Msg#: 4625966 posted 3:27 am on Nov 26, 2013 (gmt 0)
Had a 150 page site scraped (HTML only) 3 to 4 pages per second, by a tool using a unique IP and a unique UA each time; over 50 IP ranges (150 unique IP addresses) and approx 50 different, normal looking spoofed UAs. All Headers looking normal with no identifying characteristics.
Since this did not set off any warnings on my end, it was only caught by a manual log viewing. All participating IP ranges were/are server farms many smaller, unknown to me (now blocked) and at least 2 web-security companies.
Heads-up, no doubt it is coming your way. Wish I could give a better warning. Maybe one of you can find something specific we can block.
Msg#: 4625966 posted 6:59 am on Nov 26, 2013 (gmt 0)

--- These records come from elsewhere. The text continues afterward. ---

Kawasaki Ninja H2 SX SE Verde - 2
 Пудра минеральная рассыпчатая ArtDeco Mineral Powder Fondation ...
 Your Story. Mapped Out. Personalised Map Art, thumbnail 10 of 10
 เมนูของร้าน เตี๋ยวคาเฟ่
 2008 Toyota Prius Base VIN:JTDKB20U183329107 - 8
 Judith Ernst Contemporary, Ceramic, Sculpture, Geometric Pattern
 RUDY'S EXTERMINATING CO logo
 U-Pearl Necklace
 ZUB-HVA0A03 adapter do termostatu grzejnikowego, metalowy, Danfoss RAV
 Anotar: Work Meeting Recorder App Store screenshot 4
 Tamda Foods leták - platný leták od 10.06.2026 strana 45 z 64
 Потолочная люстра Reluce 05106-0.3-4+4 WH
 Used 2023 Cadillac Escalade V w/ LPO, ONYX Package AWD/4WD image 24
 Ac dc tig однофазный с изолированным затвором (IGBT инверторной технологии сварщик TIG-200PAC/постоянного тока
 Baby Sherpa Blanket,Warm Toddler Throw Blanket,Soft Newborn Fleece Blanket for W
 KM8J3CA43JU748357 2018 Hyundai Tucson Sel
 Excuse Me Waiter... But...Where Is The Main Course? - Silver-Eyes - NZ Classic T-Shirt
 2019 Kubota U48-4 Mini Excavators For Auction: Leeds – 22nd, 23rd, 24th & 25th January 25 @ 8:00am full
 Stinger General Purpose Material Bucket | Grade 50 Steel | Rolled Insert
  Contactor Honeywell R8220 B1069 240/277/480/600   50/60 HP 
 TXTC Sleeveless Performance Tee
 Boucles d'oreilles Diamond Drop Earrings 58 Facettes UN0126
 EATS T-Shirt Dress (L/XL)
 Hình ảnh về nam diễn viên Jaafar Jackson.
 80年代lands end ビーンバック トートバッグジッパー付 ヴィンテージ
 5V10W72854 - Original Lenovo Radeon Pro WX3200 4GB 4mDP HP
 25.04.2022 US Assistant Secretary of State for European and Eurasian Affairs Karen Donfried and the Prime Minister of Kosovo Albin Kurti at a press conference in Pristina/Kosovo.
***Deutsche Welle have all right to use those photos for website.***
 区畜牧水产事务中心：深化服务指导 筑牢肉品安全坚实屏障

Well that's my point. Except for a couple (new for me) security company ranges, the rest are well known servers farms, colos or data centers already identified here in the forum. It would be redundant for me to list them, not to mention a PITA to cut'n paste 150 scattered IPs from yesterday's logs.
Compromised machines or distributed software, for examples: genieo or 80legs?
Msg#: 4625966 posted 12:41 pm on Nov 26, 2013 (gmt 0)
Could it be that Hidemyass service being used for scraping? Spent a few weeks building a datacentre map of the net and identifying IP ranges as part of a project that never materialised. That scraper profile is very similar to a botnet using one of those privacy services.
Msg#: 4625966 posted 8:57 am on Nov 28, 2013 (gmt 0)
@jmcc So Hidemyass can crawl a 150 page site in approx 40 seconds, changing IP addresses each time (150 unique IP addresses, almost all different server farms) as well as spoofing a different UA each time, only requesting HTML?
I thought it was just a hidden proxy service. So it's a scraping tool as well? I didn't see that when I read their home page.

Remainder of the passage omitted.